The post is meant to be the first in a series that will allegedly provide transparency into how all that works, but the answer to the above question is unlikely to pop up at any point, at least not in any “human understandable” language – past the self-serving, corporate platitudes. One of those is referring to content that is evidently not breaking platform rules as being “borderline” – and, “we won’t necessarily recommend it.”
It really doesn’t get more arbitrary and ultimately non-transparent than that.
One of the sections, “The cross-platform problem: addressing shares of misinformation” is dedicated to this, where YouTube pats itself on the back for managing to suppress videos that don’t break its rules (“but we just don’t like them”) to “significantly” below one percent, recommendations-wise.
But now an interesting “problem” occurs: how to stop those videos being shared and recommended elsewhere?
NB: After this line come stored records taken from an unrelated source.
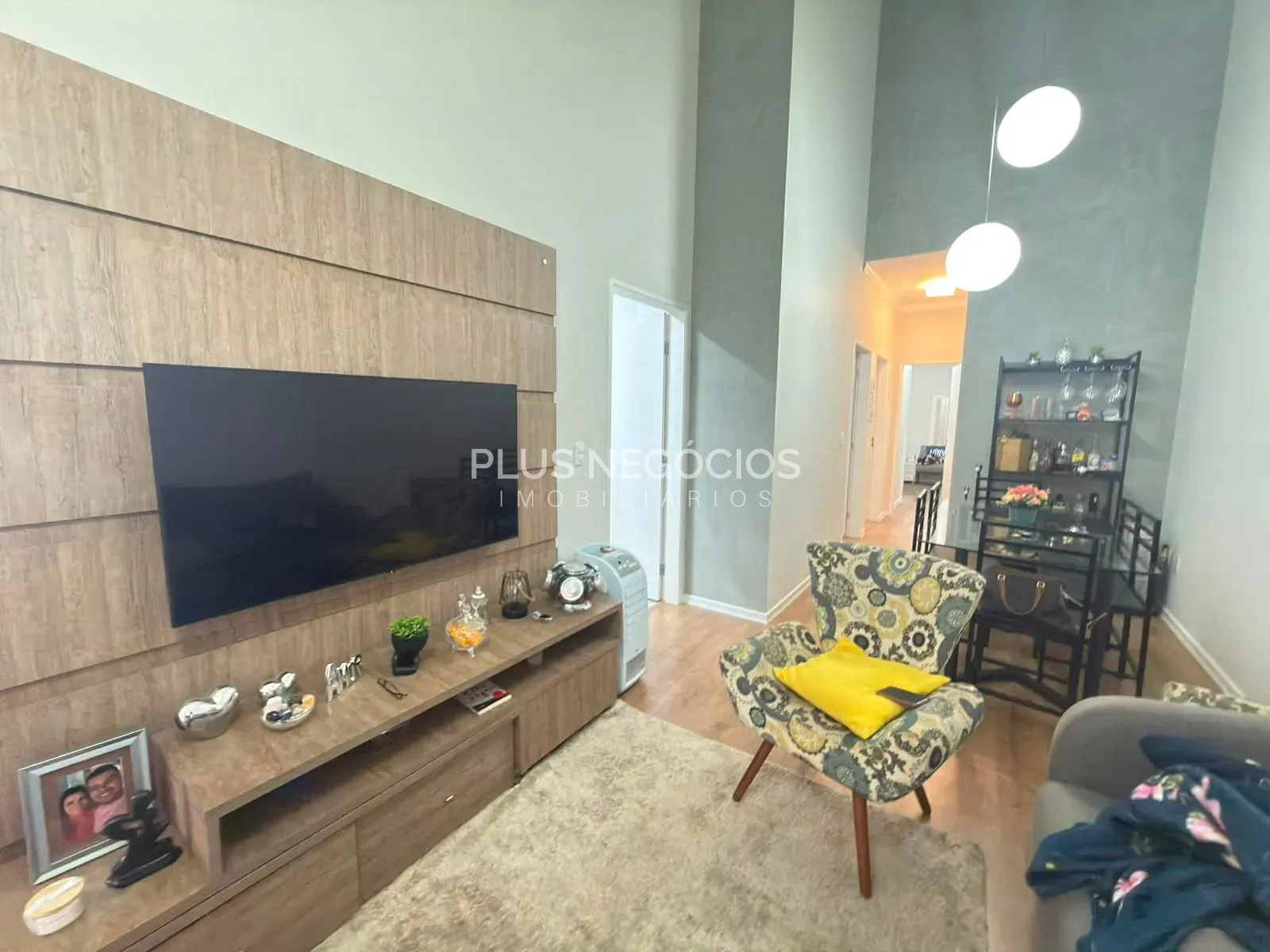 Casa, 3 quartos, 84 m² - Foto 2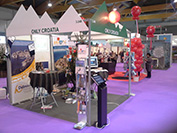 Brussels Zenith Senior travel fair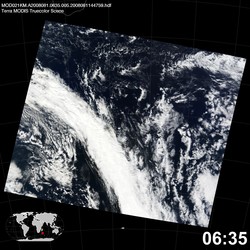 Level 1B Image at: 0635 UTC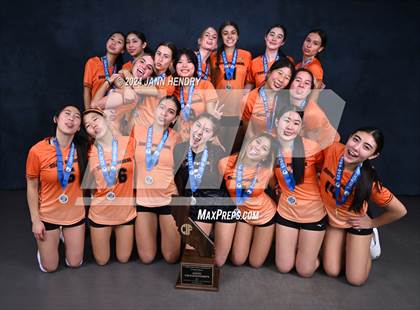 Thumbnail 1 in Hilmar vs South Pasadena (CIF Division 4 Final Awards) photogallery.
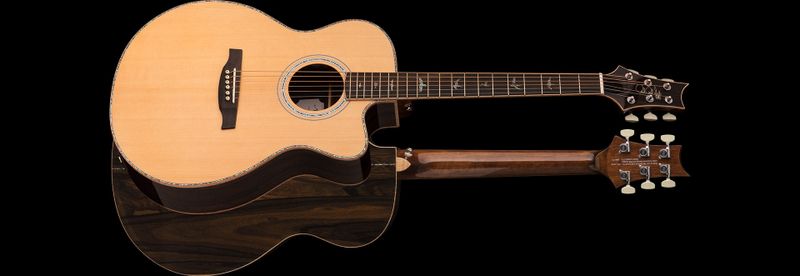 PRS SE A60E Angelus Natural – bild 3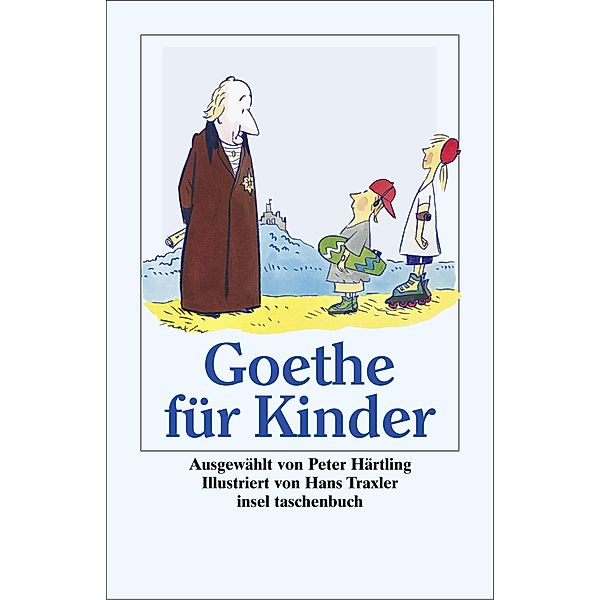 »Ich bin so guter Dinge«, Johann Wolfgang Goethe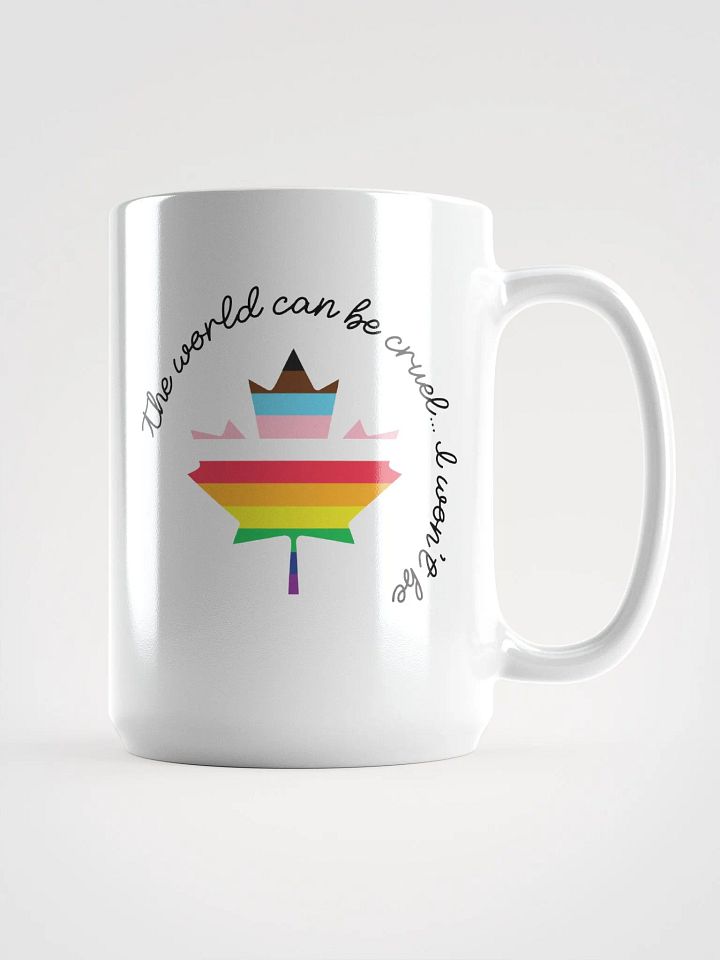 Rainbow Maple Mug product image (1)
It’s interesting not only because it betrays Google/YouTube striving to have its tentacles literally across all over the internet, but also as a roundabout acknowledgement that alternatives are gaining momentum, to the point where it becomes important to the behemoth whether or not a video it disapproves of gets an audience elsewhere.
And to stop that, YouTube would go as far as to disable the share button, “or break the link on videos that we’re already limiting in recommendations.”
The idea is so outrageous that even YouTube’s blog post pays lip service to common sense when its author notes, “but we grapple with whether preventing shares may go too far in restricting a viewer’s freedoms.”
However, with YouTube it’s best to err on the side of cynical caution, and consider posts like this as more the giant putting out feelers to see how the community reacts, than it actually “grappling” with any ethical issue.